Image-text web data:
▶

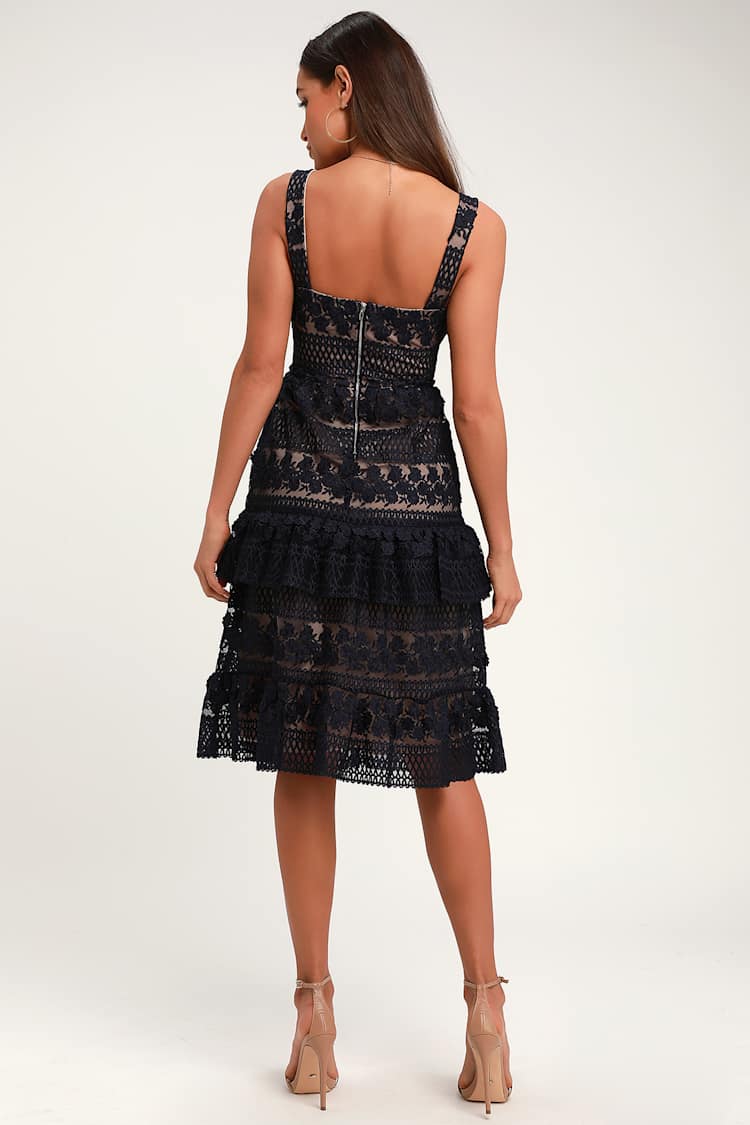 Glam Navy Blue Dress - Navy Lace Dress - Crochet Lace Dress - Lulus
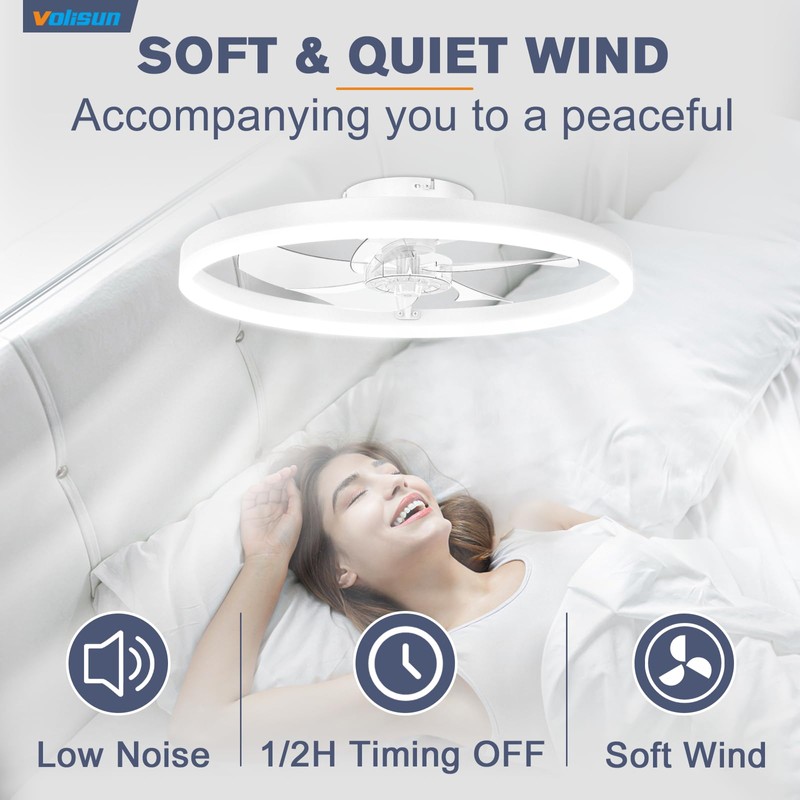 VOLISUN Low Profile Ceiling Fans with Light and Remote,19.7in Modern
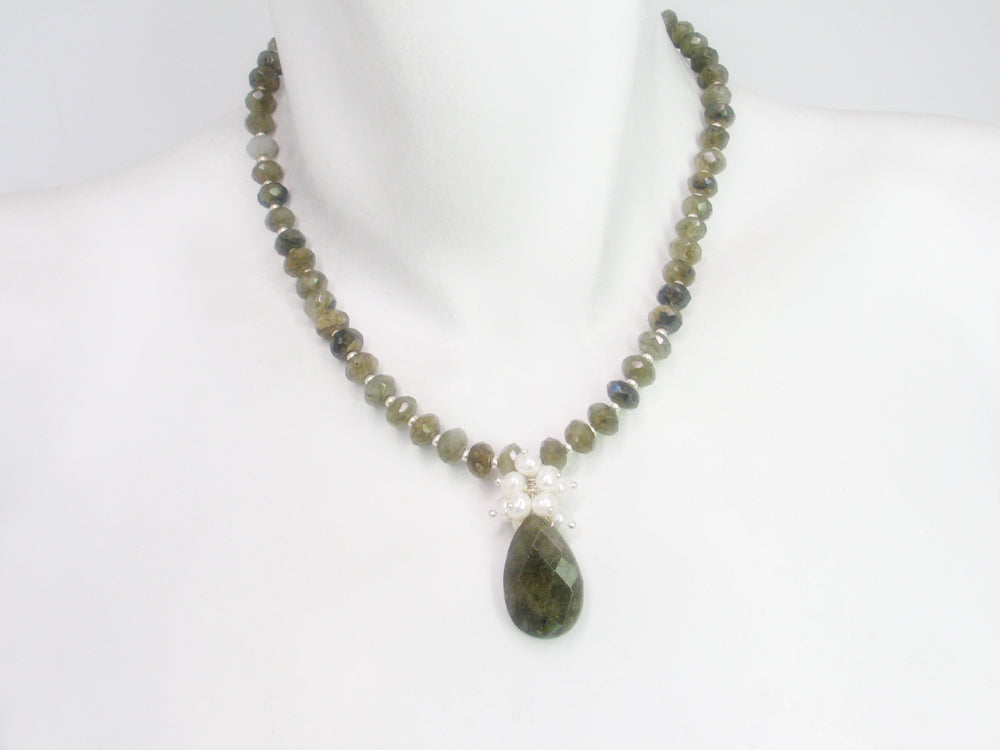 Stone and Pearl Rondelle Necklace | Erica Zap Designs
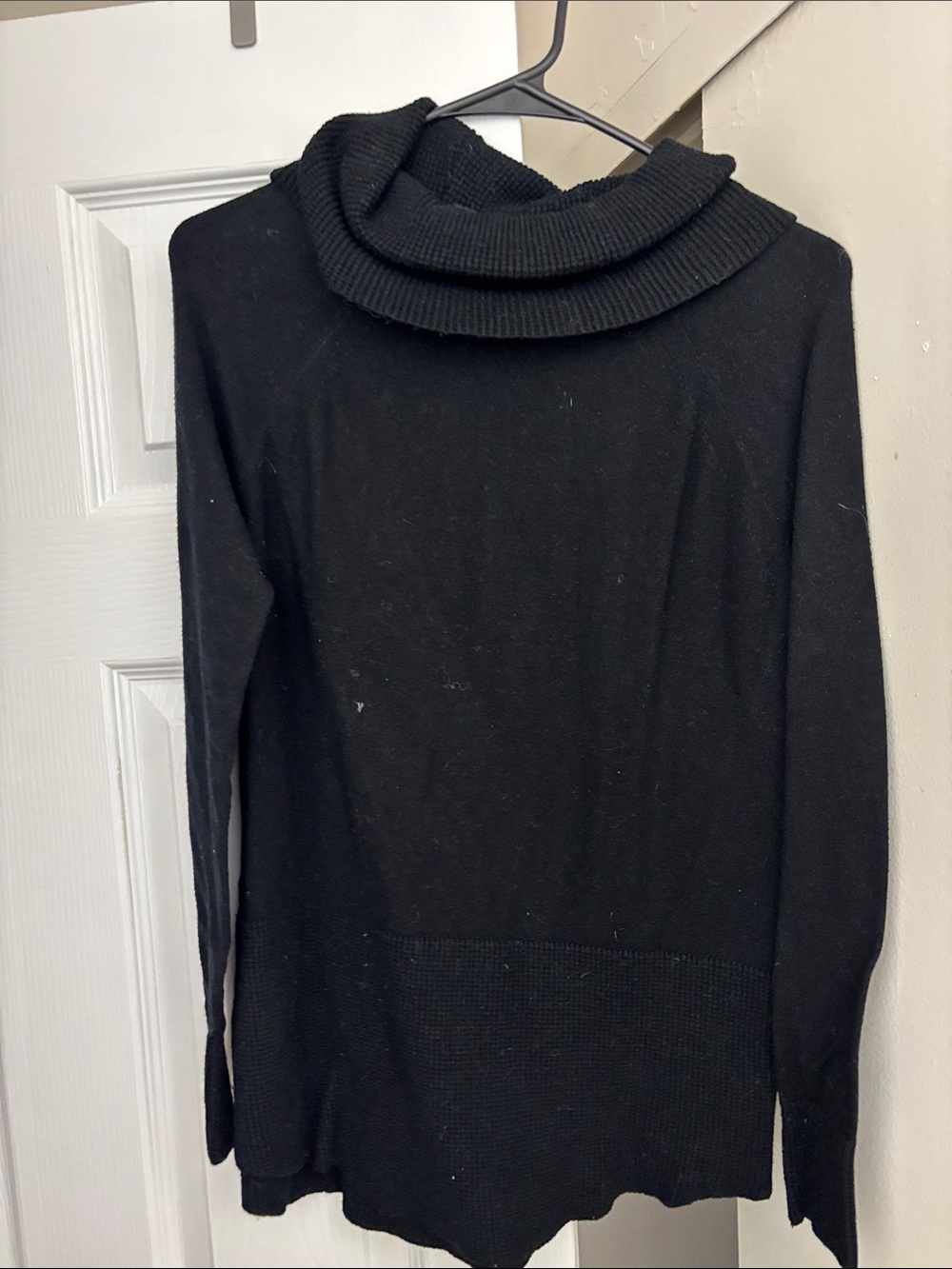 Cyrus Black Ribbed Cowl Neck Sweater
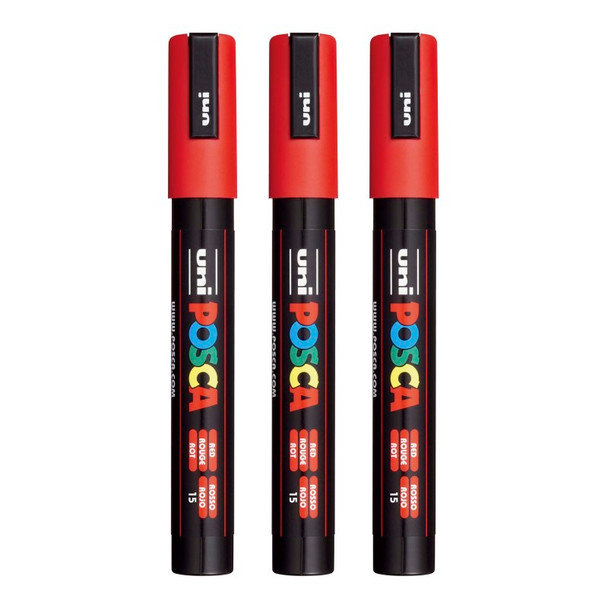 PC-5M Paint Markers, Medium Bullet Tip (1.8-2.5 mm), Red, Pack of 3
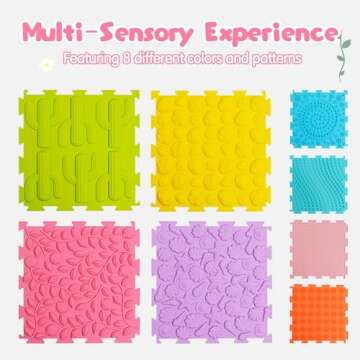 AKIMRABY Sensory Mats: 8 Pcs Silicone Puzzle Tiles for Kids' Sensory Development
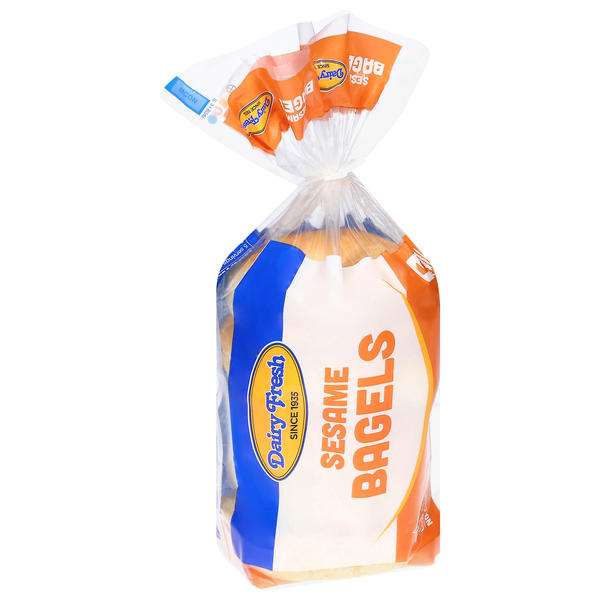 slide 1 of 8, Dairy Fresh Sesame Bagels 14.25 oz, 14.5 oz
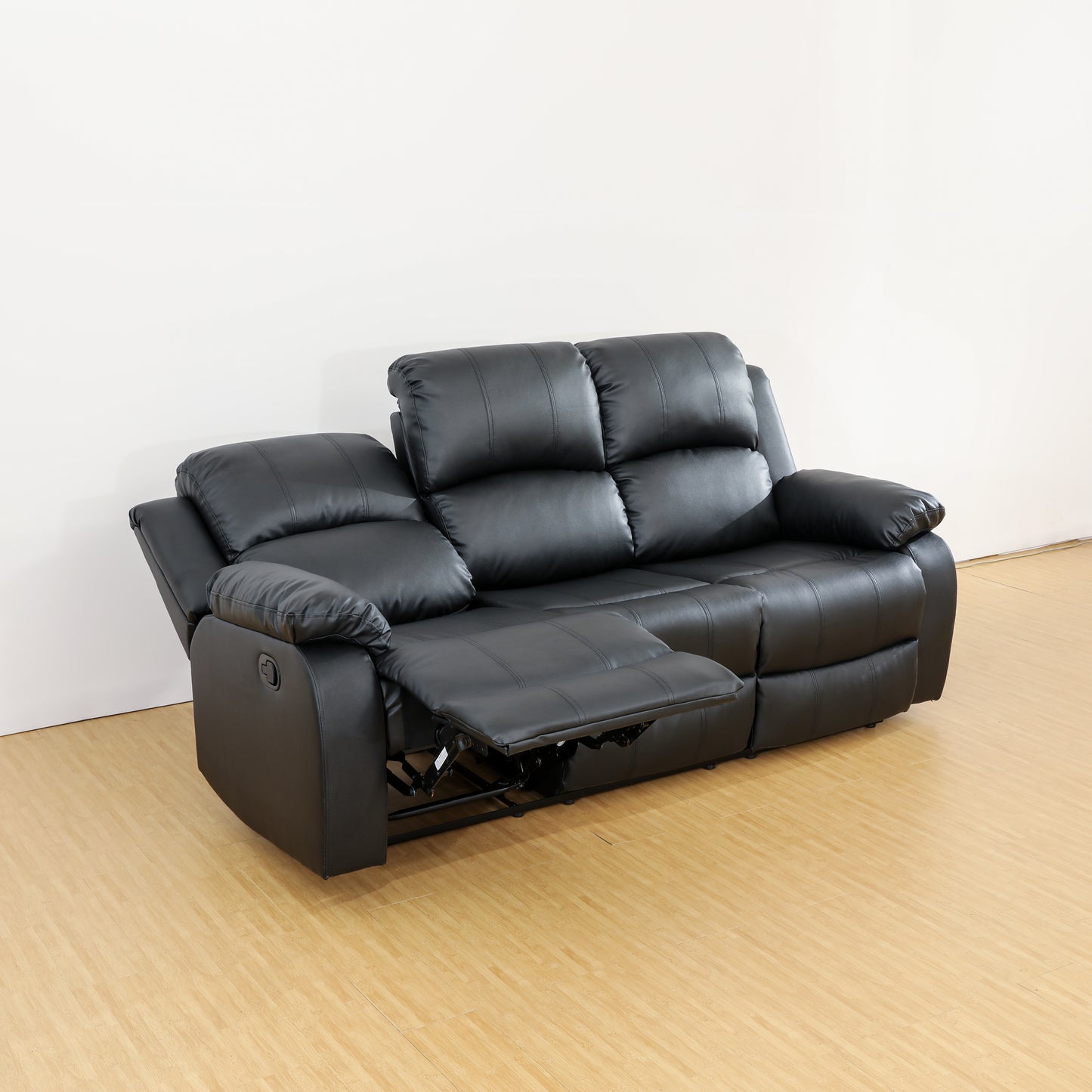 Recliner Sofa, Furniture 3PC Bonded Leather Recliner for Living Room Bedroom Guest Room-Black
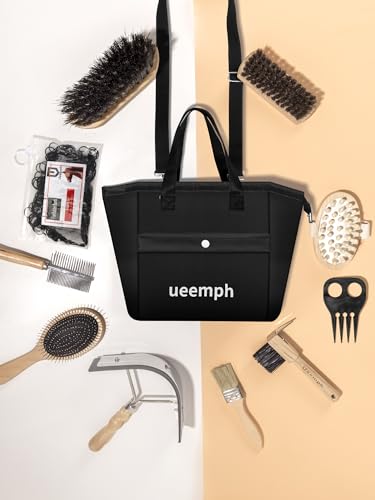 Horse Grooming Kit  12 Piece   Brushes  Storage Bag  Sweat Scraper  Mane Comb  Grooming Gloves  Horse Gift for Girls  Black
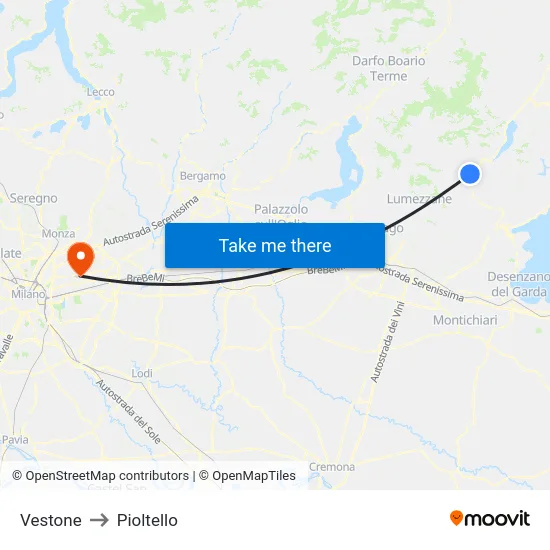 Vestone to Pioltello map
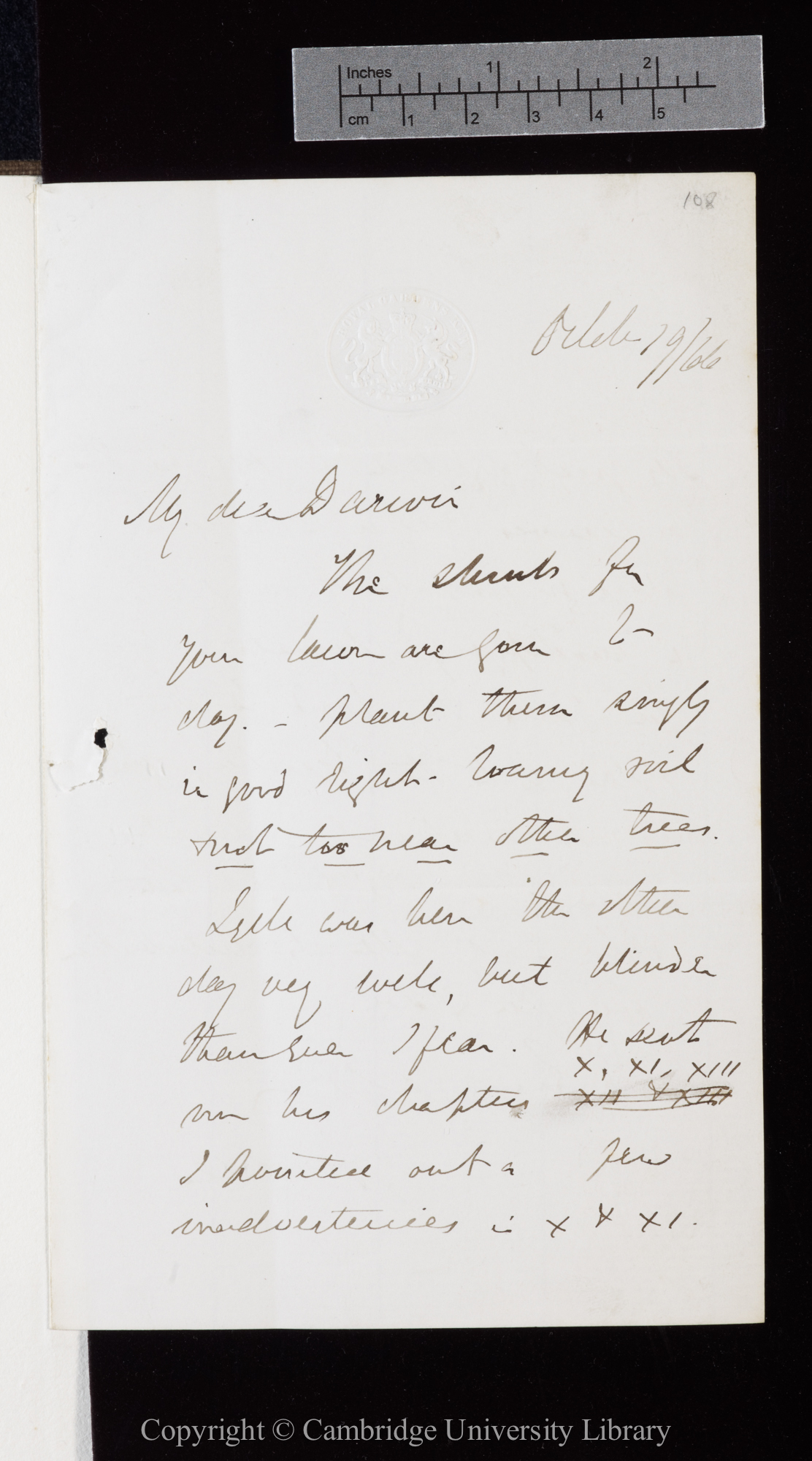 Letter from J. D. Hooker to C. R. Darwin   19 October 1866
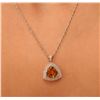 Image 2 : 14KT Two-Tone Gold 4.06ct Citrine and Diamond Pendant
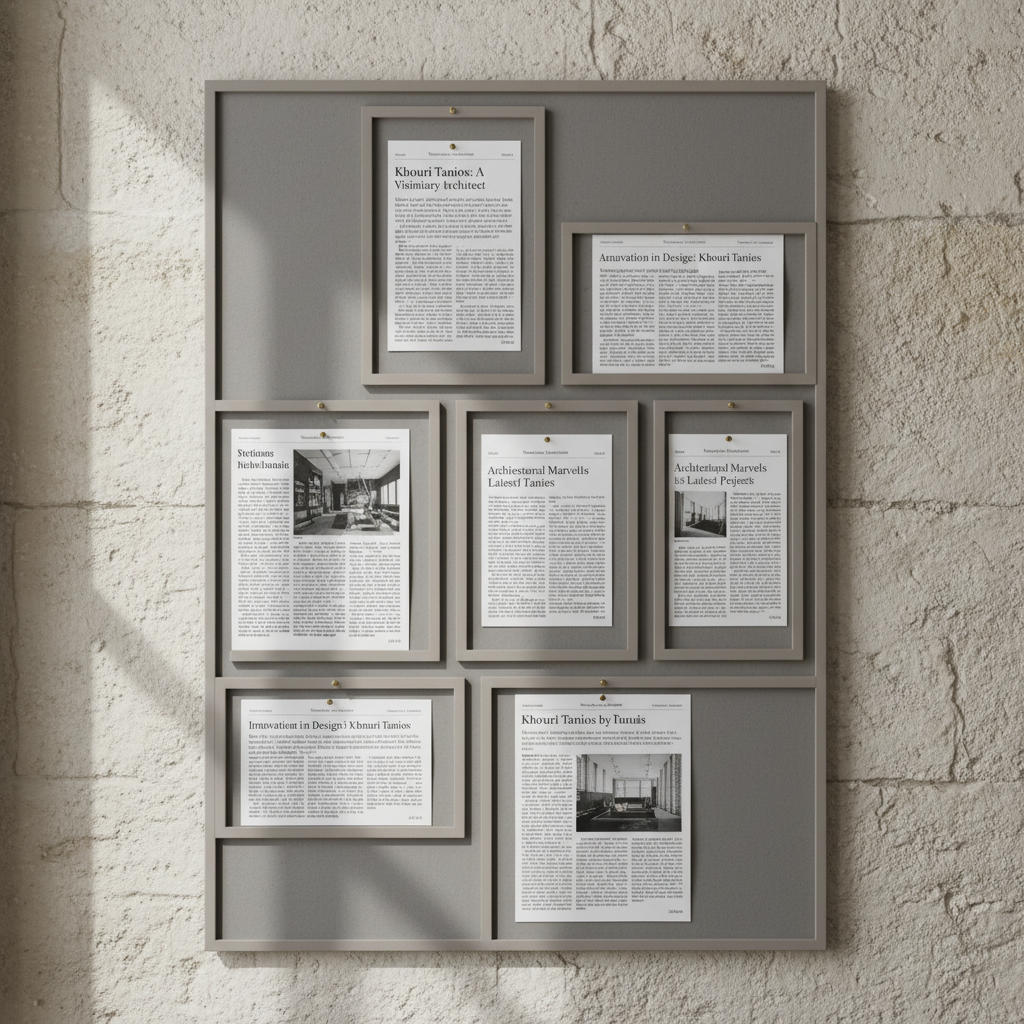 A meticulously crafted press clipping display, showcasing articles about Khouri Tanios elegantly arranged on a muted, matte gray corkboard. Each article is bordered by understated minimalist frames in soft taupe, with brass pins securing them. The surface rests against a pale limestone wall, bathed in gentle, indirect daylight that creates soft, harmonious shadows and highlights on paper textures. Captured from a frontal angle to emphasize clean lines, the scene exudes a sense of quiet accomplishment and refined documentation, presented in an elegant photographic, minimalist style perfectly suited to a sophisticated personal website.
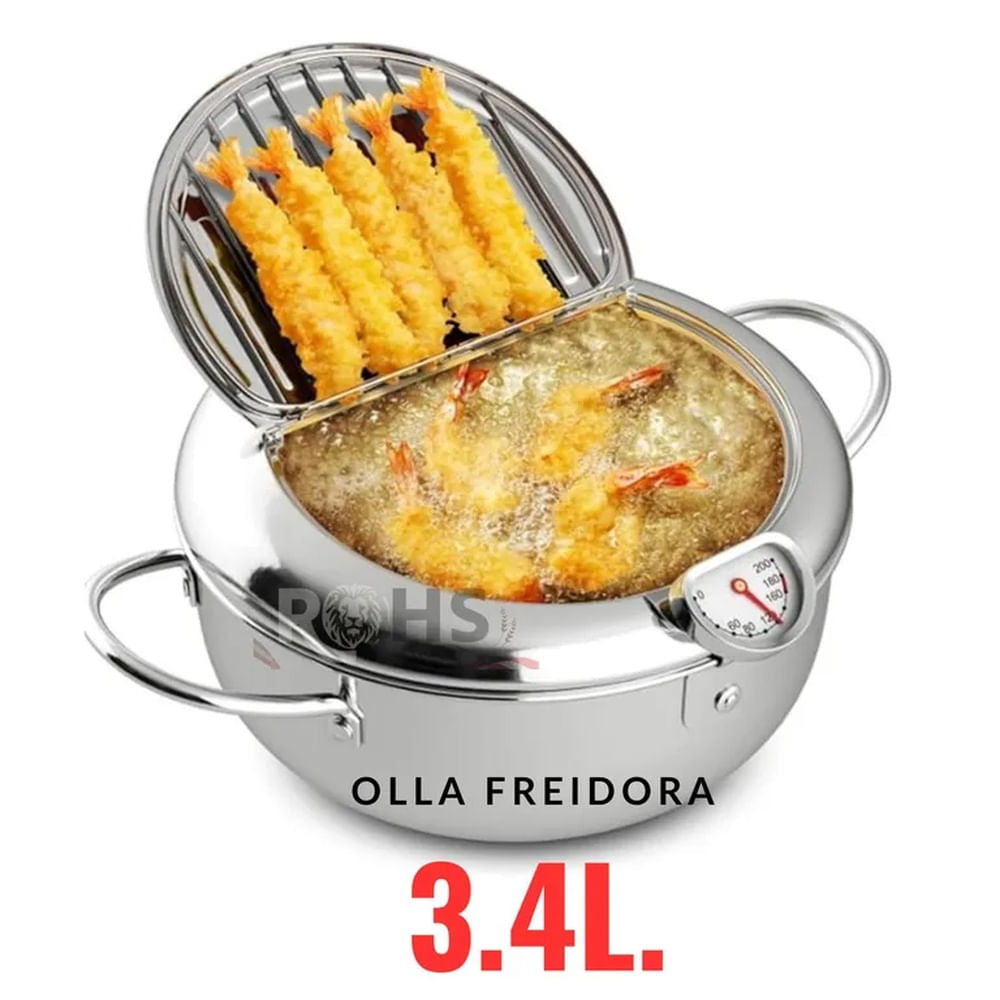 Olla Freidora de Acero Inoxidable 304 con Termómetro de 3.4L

◀

_HOW TO COMPLETE THIS TASK_
Reproduce exactly the lines from the one containing "A meticulously crafted" through the last line of the records, both included, leaving out every picture.

_EXERCISE OUTPUT_
 A meticulously crafted press clipping display, showcasing articles about Khouri Tanios elegantly arranged on a muted, matte gray corkboard. Each article is bordered by understated minimalist frames in soft taupe, with brass pins securing them. The surface rests against a pale limestone wall, bathed in gentle, indirect daylight that creates soft, harmonious shadows and highlights on paper textures. Captured from a frontal angle to emphasize clean lines, the scene exudes a sense of quiet accomplishment and refined documentation, presented in an elegant photographic, minimalist style perfectly suited to a sophisticated personal website.
 Olla Freidora de Acero Inoxidable 304 con Termómetro de 3.4L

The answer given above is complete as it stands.